When one part can be used ‘off the shelf’ to replace another of the same dimension and material specification, the parts are said to be interchangeable. A system of interchangeability usually lowers the production costs as there is no need for an expensive, ‘fiddling’ operation, and it benefits the customer in the event of the need to replace worn parts.

Limits and Tolerances

Machine parts are manufactured so they are interchangeable. In other words, each part of a machine or mechanism is made to a certain size and shape so it will fit into any other machine or mechanism of the same type. To make the part interchangeable, each individual part must be made to a size that will fit the mating part in the correct way. It is not only impossible, but also impractical to make many parts to an exact size. This is because machines are not perfect, and the tools become worn. A slight variation from the exact size is always allowed. The amount of this variation depends on the kind of part being manufactured. For example, a part might be made 6 in. long with a variation allowed of 0.003(three thousandths) in. above and below this size. Therefore, the part could be 5.997 to 6.003 in. and still be the correct size. These are known as the limits. The difference between upper and lower limits is called the tolerance.

A tolerance is the total permissible variation in the size of a part.

The basic size is that size from which limits of size are derived by the application of allowances and tolerances.

Sometimes the limit is allowed in only one

direction. This is known as unilateral tolerance.

Unilateral tolerancing is a system of dimensioning where the tolerance (that is variation) is shown I only one direction from the nominal size. Unilateral tolerancing allow the changing of tolerance on a hole or shaft without seriously affecting the fit.

When the tolerance is in both directions from the basic size, it is known as a bilateral tolerance (plus and minus).

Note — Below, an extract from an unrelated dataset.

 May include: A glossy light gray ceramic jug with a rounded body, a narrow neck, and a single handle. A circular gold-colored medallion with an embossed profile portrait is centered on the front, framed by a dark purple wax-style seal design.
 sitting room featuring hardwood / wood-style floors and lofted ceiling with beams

Bilateral tolerancing is a system of dimensioning where the tolerance (that is variation) is split and is shown on either side of the nominal size. Limit dimensioning is a system of dimensioning where only the maximum and minimum dimensions are shown. Thus, the tolerance is the difference between these two dimensions.

Introduction of Machining of:

Machining as a shape-producing method is the most universally used and the most important of all manufacturing processes. Machining is a shape-producing process in which a power-driven device causes material to be removed in chip form. Most machining is done with equipment that supports both the work piece and cutting tool although in some cases portable equipment is used with unsupported work piece.

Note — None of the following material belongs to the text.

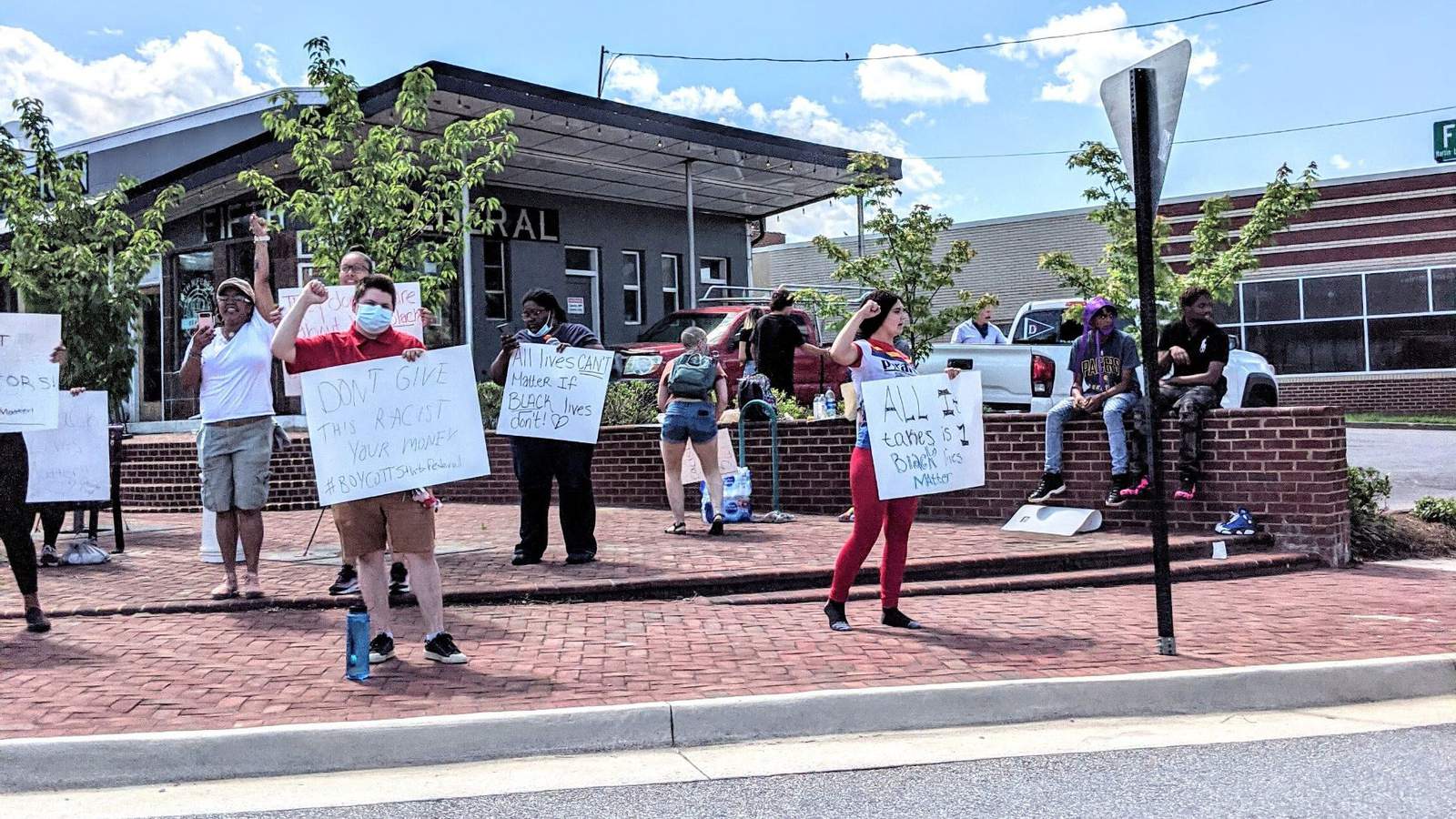 Group protests outside Lynchburg restaurant for its support of Jerry Falwell’s mask tweet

Low setup cost for small quantities. Machining has two applications in manufacturing. For casting, forging, and pressworking, each specific shape to be produced, even one part, nearly always has a high tooling cost. The shapes that may be produced by welding depend to a large degree on the shapes of raw material that are available. By making use of generally high cost equipment but without special tooling, it is possible, by machining, to start with nearly any form of raw material, so long as the exterior dimensions are great enough, and produce any desired shape from any material. Therefore, machining is usually the preferred method for producing one or a few parts, even when the design of the part would logically lead to casting, forging or pressworking if a high quantity were to be produced.

Close accuracies, good finishes. The second application for machining is based on the high accuracies and surface finishes possible. Many of the parts machined in low quantities would be produced with lower but acceptable tolerances if produced I high quantities by some other process. On the other hand, many parts are given their general shapes by some high quantity deformation process and machined only on selected surfaces where high accuracies are needed. Internal threads, for example, are seldom produced by any means other than machining and small holes in pressworked parts may be machined following the pressworking operations.